Tips for Using a Mortgage Calculator
It is a very good idea to run your mortgage calculations a few different times, running variations on the numbers that might be realistic for you and your budget. For example, consider a larger and smaller down payment to run with the calculator.
This will give you a better idea of how the affordability of your new mortgage might work in real life. A higher principal balance means a more expensive loan if you carry the mortgage for the full loan term.
But if you apply for a lower loan amount and use a bigger down payment, it could make a difference in the amount of your monthly mortgage payment as well as the overall cost of the mortgage over the long haul.

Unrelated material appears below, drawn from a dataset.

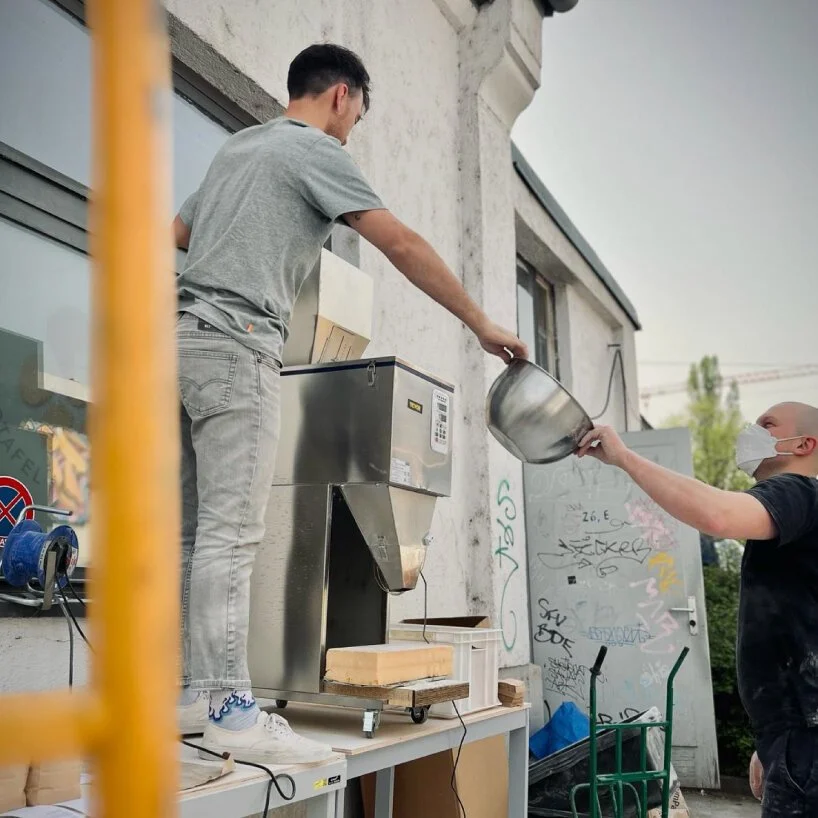 recycled sawdust-based glaze by studio peipei reduces_yyth.jpg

Getting a good interest rate is only one way to save money on the home loan, as you will see when you run the down payment calculations. Your other costs to consider include the previously mentioned homeowners association fees, but what about your mortgage insurance premium? An easy area for a home buyer to overlook in the planning stages of your home loan.
And a mortgage calculator isn't the only good idea. You should ask your mortgage lender about a closing costs calculator or ask for estimates of what your costs might look like. What is typical?
FHA home loans don't require private mortgage insurance or PMI, it's true, but mortgage insurance is still required. The lender will charge an up-front mortgage insurance premium and a monthly premium (also known as MIP) will be included in your mortgage payment amount.
Be sure to ask the lender what is typical for your mortgage insurance premium. And remember to consider that monthly premium in addition to the home price.
Using a mortgage calculator, regardless of loan type, can get you closer to a realistic dollar amount for your loan, and your monthly payments. Don't start planning your mortgage without using all the tools at your disposal.
Whether you want to buy a suburban home, a condominium, or a mobile home with an FHA mortgage, you'll want to start looking at your finances at least a year ahead of your loan application.
Saving and working on your credit takes time, and you'll be glad you gave yourself the extra effort when it's time to make an offer on your dream home.